Mais que dire de la pollution en Inde et tout particulièrement en Chine ? Selon les dires de M. Leslie, les émissions de gaz carbonique font partie intégrante de polluants comme les particules fines, les déchets toxiques, et tout ce qui est typiquement associé à une dégradation de l’environnement. Mais cela est faux. Les États-Unis et la Chine produisent des quantités équivalentes de dioxyde de carbone. Mais essayez de nommer une ville des États-Unis dont la qualité de l'air est aussi mauvaise, même de loin, qu’à Pékin, ou une rivière américaine aussi polluée que le Han: vous ne pouvez pas. L’Amérique, le pays le plus riche et le plus industrialisé, est aussi, de loin, plus propre.

Les gens qui vivent dans des pays du tiers-monde (comme le Mexique, où j'ai grandi) ont tendance à comprendre cela, même si les écologistes occidentaux ne le comprennent pas. Les gens qui vivent dans les pays oppressifs du tiers-monde, comme en Chine, comprennent aussi que ce n'est pas seulement une plus grande richesse qui conduit à un meilleur environnement, mais aussi une plus grande liberté.

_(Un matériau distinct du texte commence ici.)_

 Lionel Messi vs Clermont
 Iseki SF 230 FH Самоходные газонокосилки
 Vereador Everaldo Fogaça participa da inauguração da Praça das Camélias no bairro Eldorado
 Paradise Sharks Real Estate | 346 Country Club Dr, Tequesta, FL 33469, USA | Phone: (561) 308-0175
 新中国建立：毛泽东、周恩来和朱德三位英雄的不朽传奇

Pour revenir à M. Leslie, son grief envers la Chine est qu'elle est devenue une société de consommation, suivant encore le modèle américain. Leslie est encore dans le faux : la Chine est l'un des pays avec le taux d’épargne personnelle le plus élevé du monde — 50 % contre 2,7 % en Amérique. La véritable source du problème de pollution de la Chine est une politique industrielle dirigée par l’État et axée sur la production, ainsi que des entreprises d'État (en particulier dans les secteurs « sales » comme le charbon et l'acier) qui s'efforcent de répondre à des quotas de production, avec des gestionnaires nommés par l'État qui n’hésitent par à faire des économies en matière de sécurité ou de respect de l'environnement, et ont généralement assez d'influence politique pour se protéger de toute retombée publique.

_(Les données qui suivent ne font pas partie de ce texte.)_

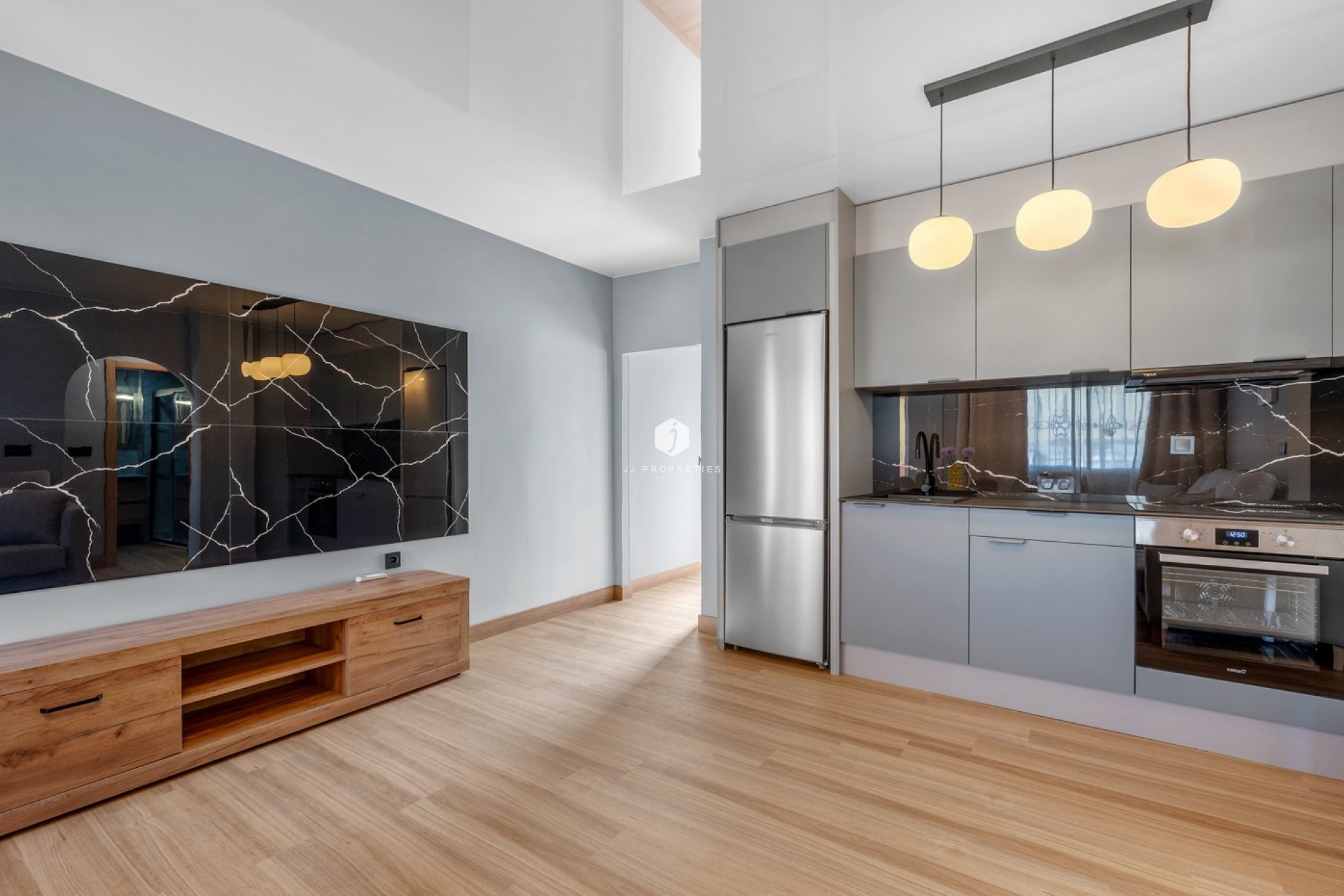 Z drugiej ręki - Mieszkanie w bloku -
San Miguel de Salinas - Inland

En d'autres termes, les problèmes de pollution de la Chine ne sont pas liés aux politiques de laisser-faire et au consumérisme persistant, mais au contrôle excessif de l'économie par le régime. Une Chine plus libre signifierait une Chine plus propre.

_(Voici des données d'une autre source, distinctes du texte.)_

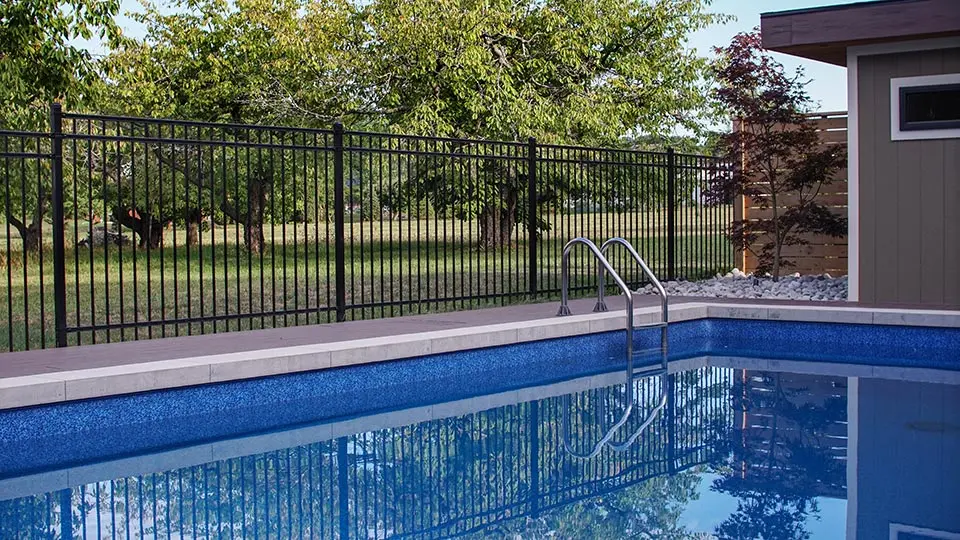 Pool with liner 1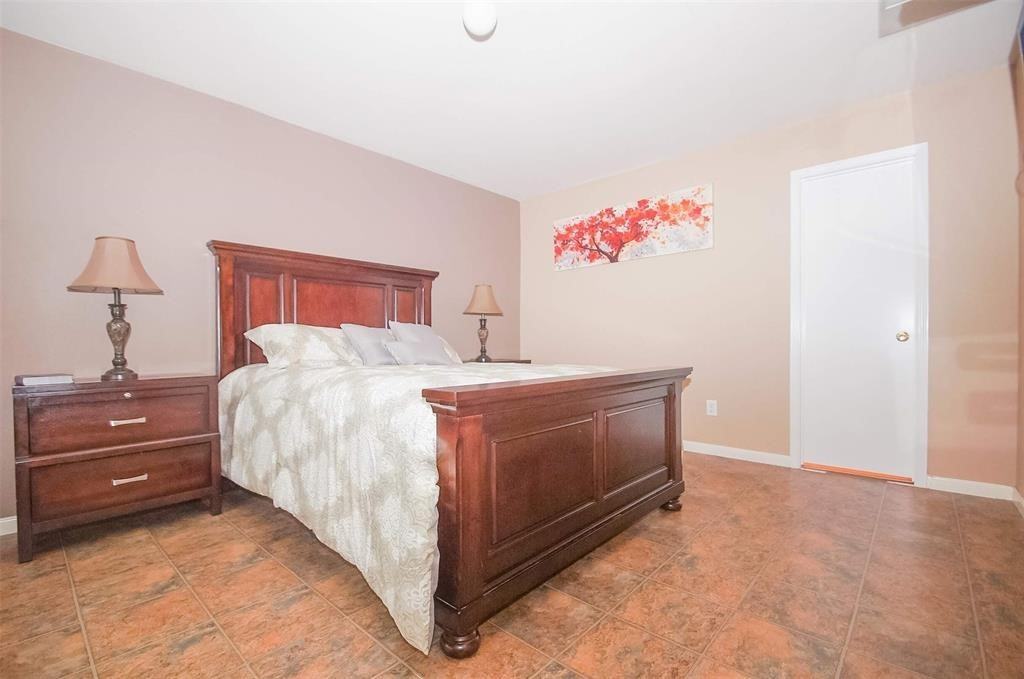 10038 Revelstoke Dr - Photo 7 of 16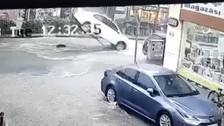 Tekirdağ'da yağmurda yerinden fırlayan rögar kapağı otomobile zarar verdi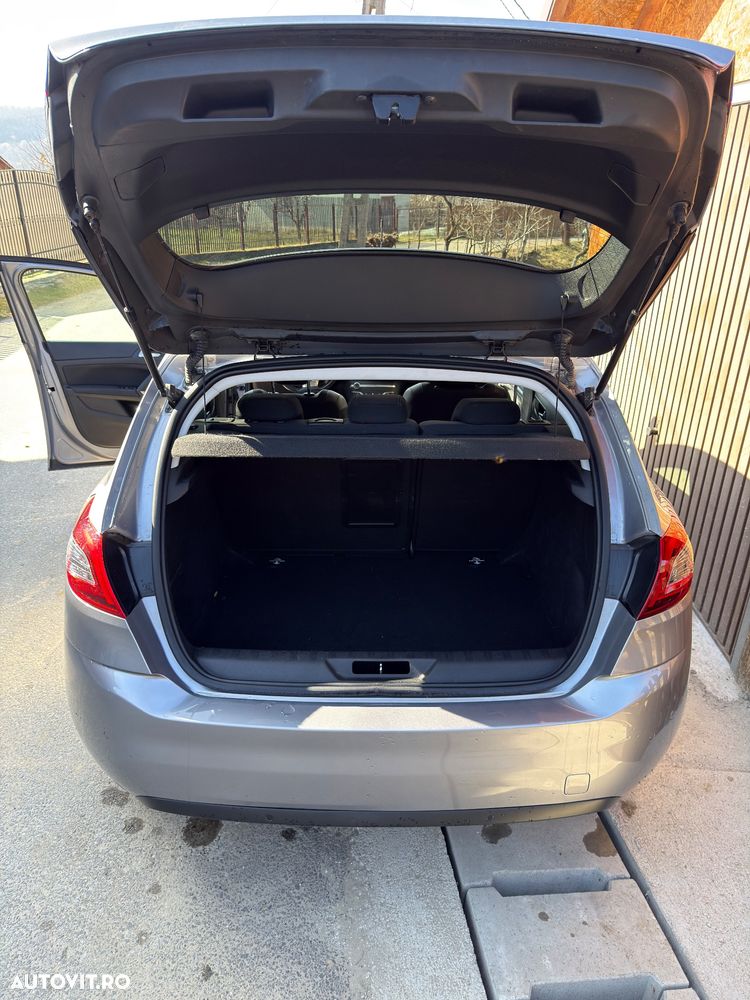 Peugeot 308 BlueHDi FAP 130 EAT8 Stop & Start Allure - 5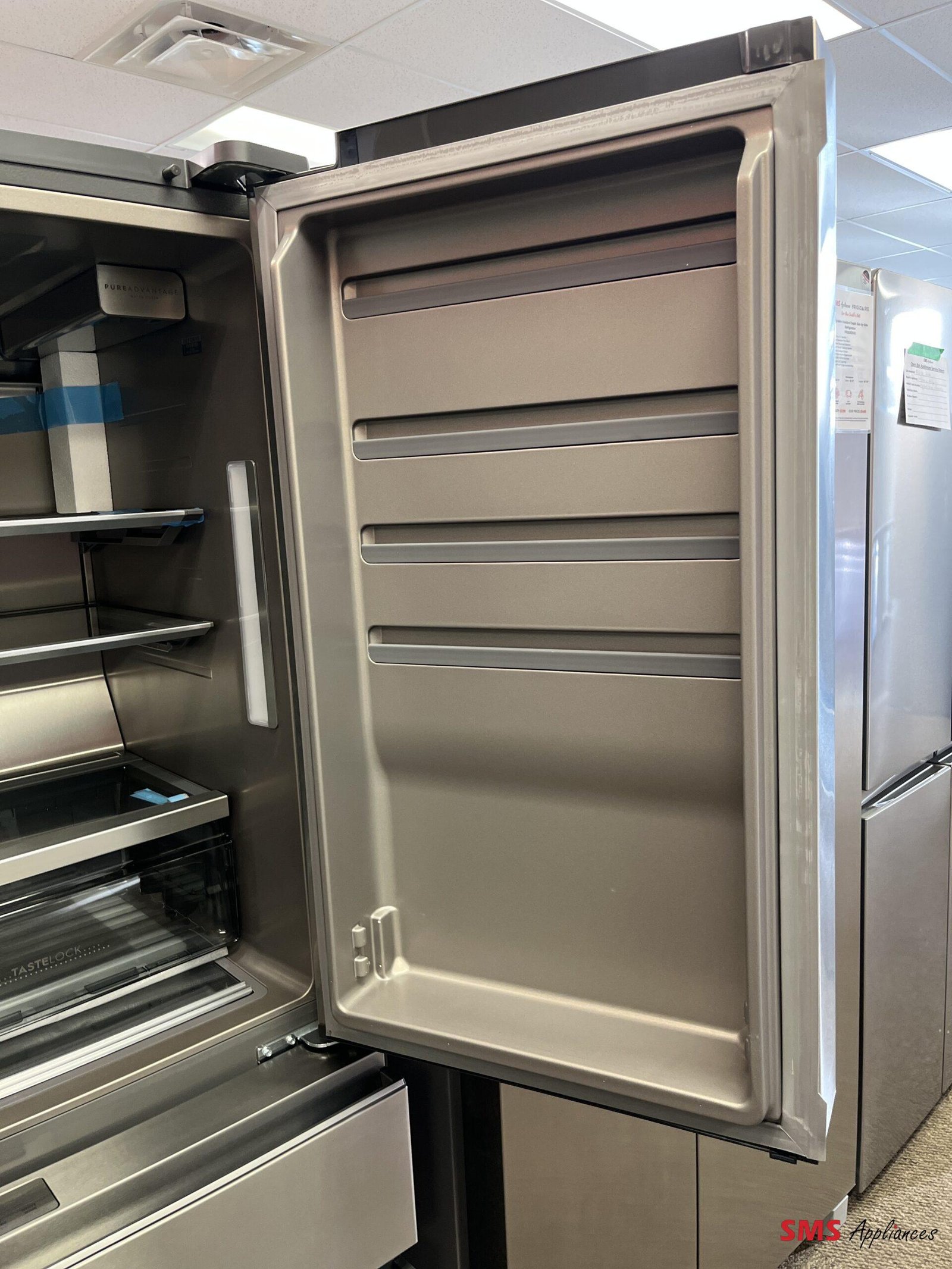 Open-Box-36-Fridge-Electrolux-ERMC2295AS-3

Il y a ici une leçon pour ceux qui croient que les problèmes d'environnement appellent à une nouvelle ère de dirigisme. Et il devrait aussi y avoir une leçon à tirer pour ceux qui prétendent comprendre les problèmes des pauvres mieux que les pauvres eux-mêmes. Si le réchauffement de la planète est vraiment aussi catastrophique que ce que les alarmistes le prétendent, le moins qu'ils puissent faire pour ses victimes est de ne pas les traiter avec condescendance, tout en les appauvrissant dans les négociations.

Bret Stephens est éditorialiste au Wall Street Journal, dans lequel cet article a été originellement publié.